Work instruction: Going through the material below, output exactly the lines from the one containing "These three websites" through the one containing "Another fine vehicle", and no pictures.

The data:
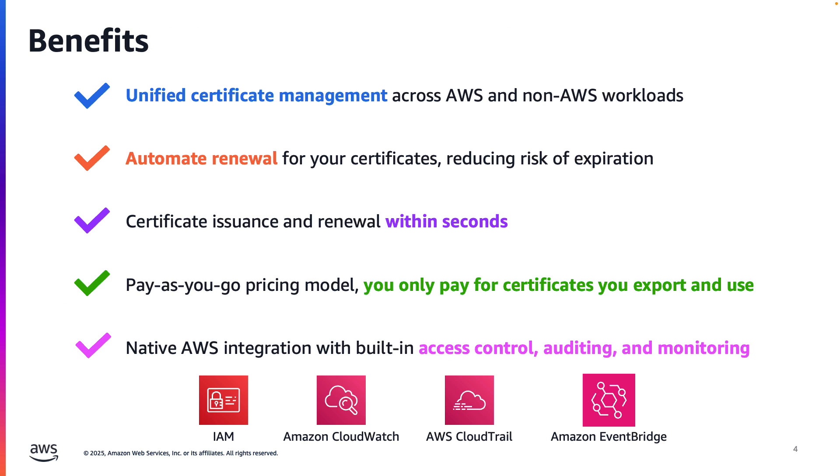Now that we've seen where you can use these certificates, let me highlight some of the key benefits they bring. You can oversee all your certificates — both in AWS and external environments — from a single centralized interface. Automatic renewals reduce the risk of unexpected outages and security vulnerabilities from expired certificates. Certificates are issued and renewed within seconds after you complete the required domain validation.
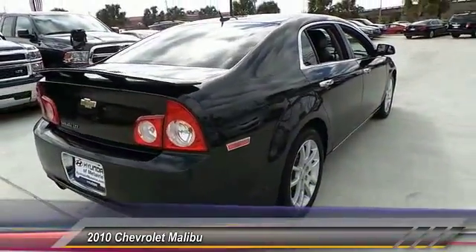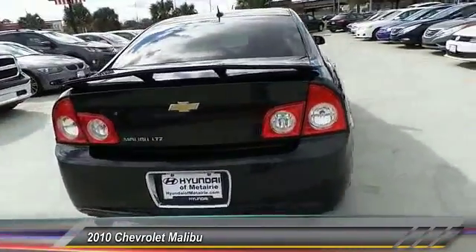If you like it online, you'll love it in your driveway. Take it for a spin today.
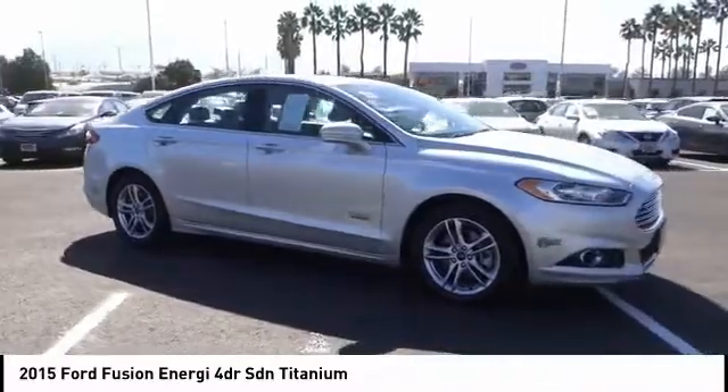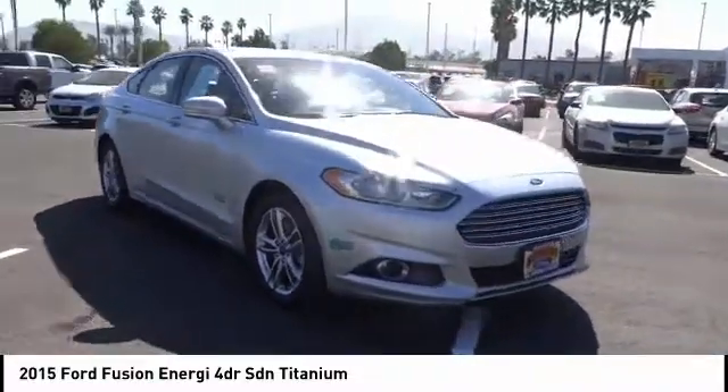This vehicle has less than 45,000 miles. Here are some of this vehicle's great options.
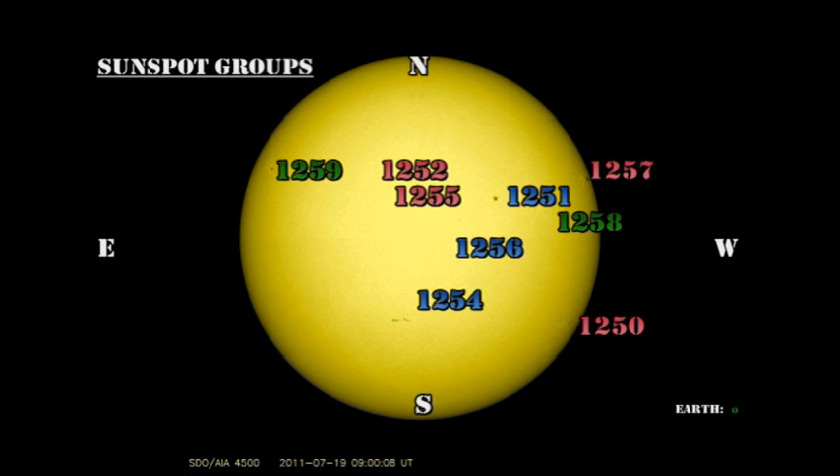A new region has sprung up in the northwest, region 1258, and it seems to be growing rapidly. But in a couple of days' time, that one's going to disappear over the limb as well. Region 1251 is a large single spot and very stable. Region 1256 is hanging in there but not doing very much. Region 1254 has grown a little bit and was the source of the C flare that we saw. Regions 1252 and 1255, to all intents and purposes, have disappeared.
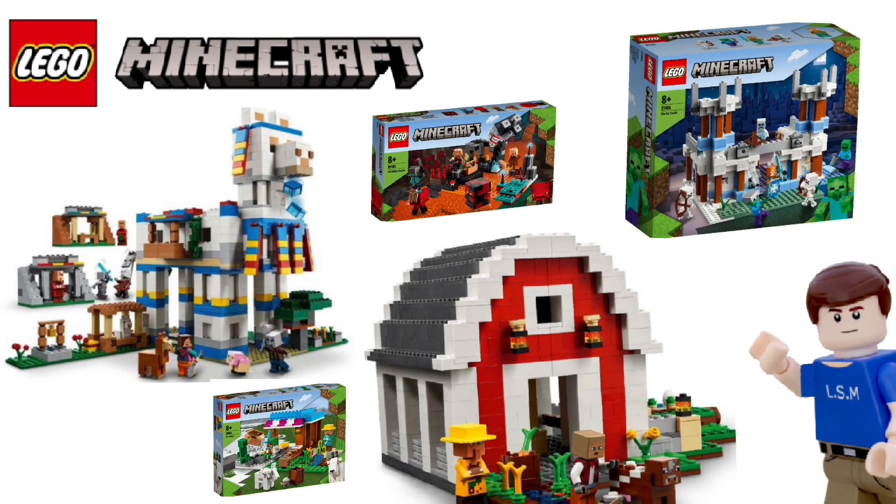Hello everybody, Smotion here, and welcome back to another LEGO video. Today we're going to be taking a look at the brand new LEGO Minecraft Summer 2022 Wave. There's a lot of new LEGO Minecraft sets and figures to show in this video, so without further ado, let's get right into it with the first set coming out in Summer 2022.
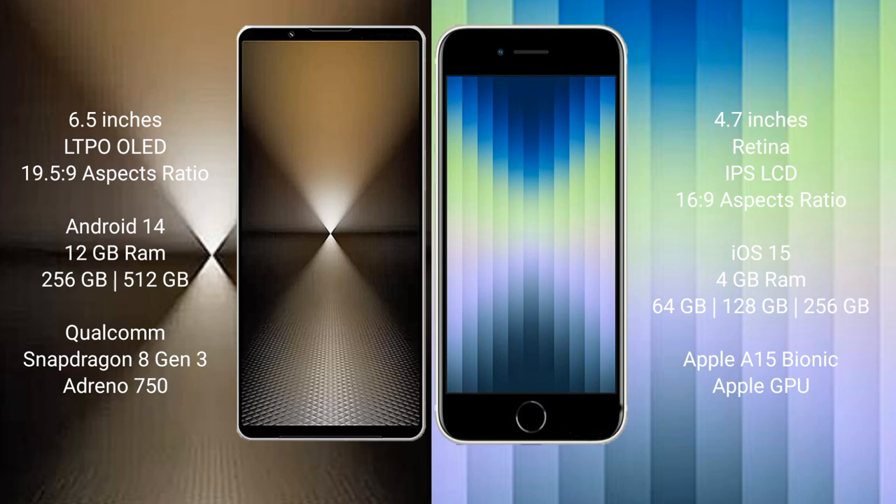The Sony Xperia 1 Mark 6 runs on the Android 14 operating system, while the iPhone SE runs on iOS 15. The Sony Xperia 1 Mark 6 comes with 12GB RAM and 512GB internal storage.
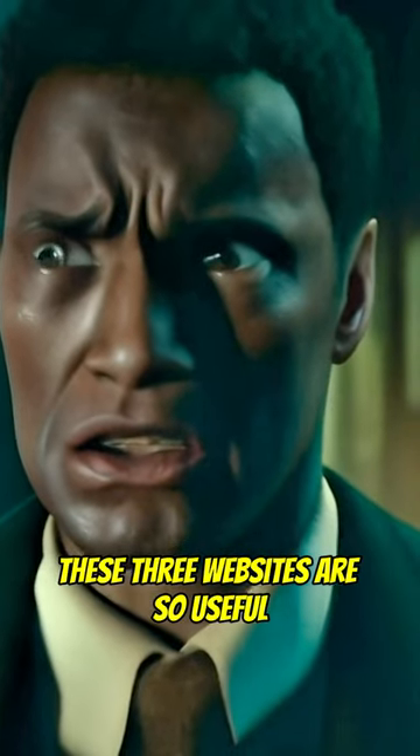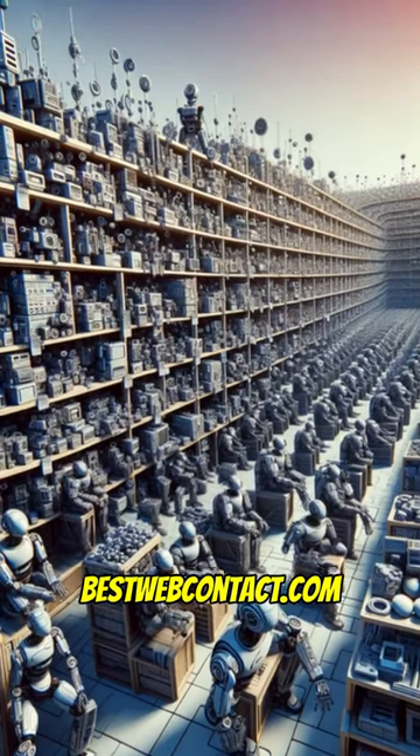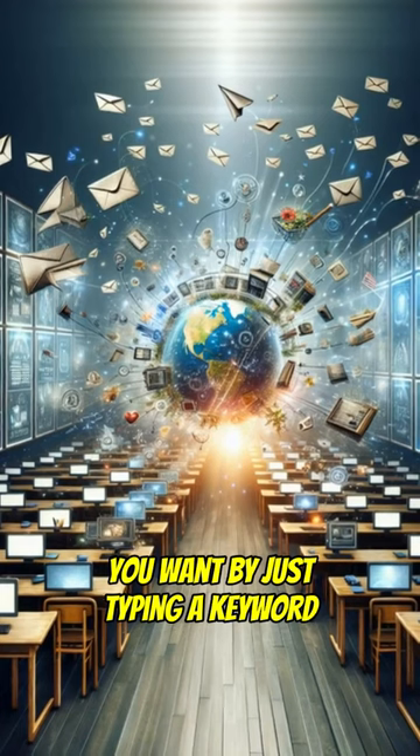These three websites are so useful, it's terrifying to let them loose. BestWebContact.com can extract email addresses from any web page you want by just typing a keyword.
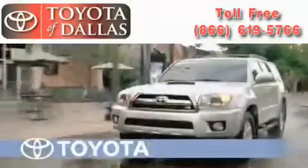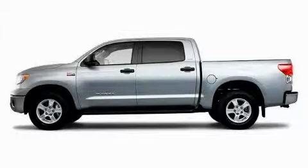Another fine vehicle offered by Toyota of Dallas. This is a brand new 2010 Toyota Tundra. It has the power to move what you need, and the look too.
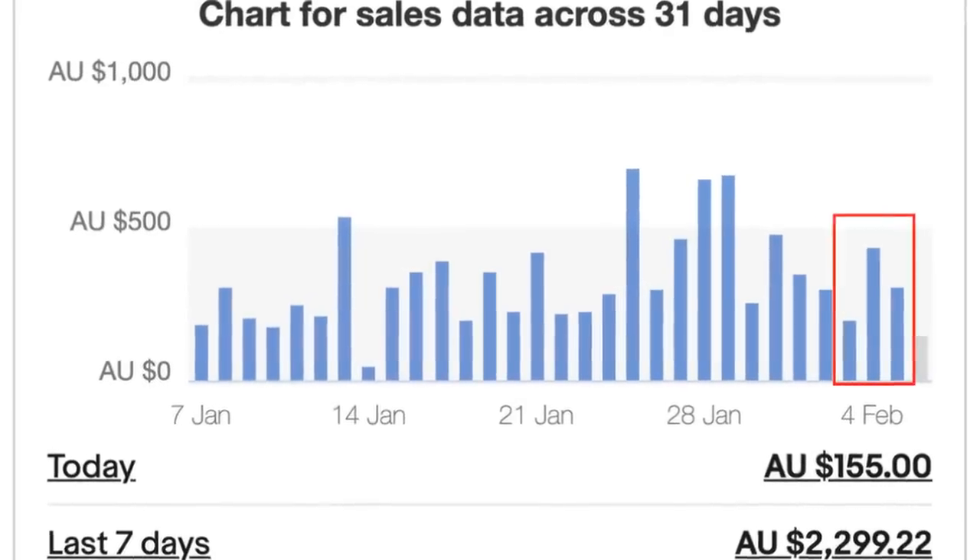Hello guys, welcome back to the channel. Big episode today — we're doing the Monday post. We have about 27 orders to come through today and Courtney's in with me. We're going to go through each and every one that has come through.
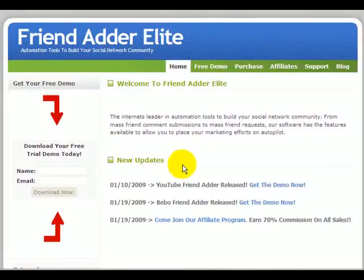Hey guys, Yomi here with Friend Adder Elite. I'm here to talk to you about our new affiliate program that we've just launched. As you know, we are the internet's leader in automation tools to build your social network community.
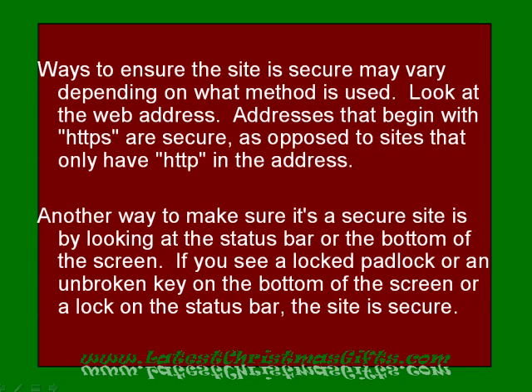Ways to ensure the site is secure may vary depending on what method is used. Look at the web address — addresses that begin with HTTPS are secure, as opposed to sites that only have HTTP in the address. Another way to make sure it's a secure site is by looking at the status bar or the bottom of the screen. If you see a locked padlock or an unbroken key, or a lock on the status bar, the site is secure.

Result:
These three websites are so useful, it's terrifying to let them loose. BestWebContact.com can extract email addresses from any web page you want by just typing a keyword.
Another fine vehicle offered by Toyota of Dallas. This is a brand new 2010 Toyota Tundra. It has the power to move what you need, and the look too.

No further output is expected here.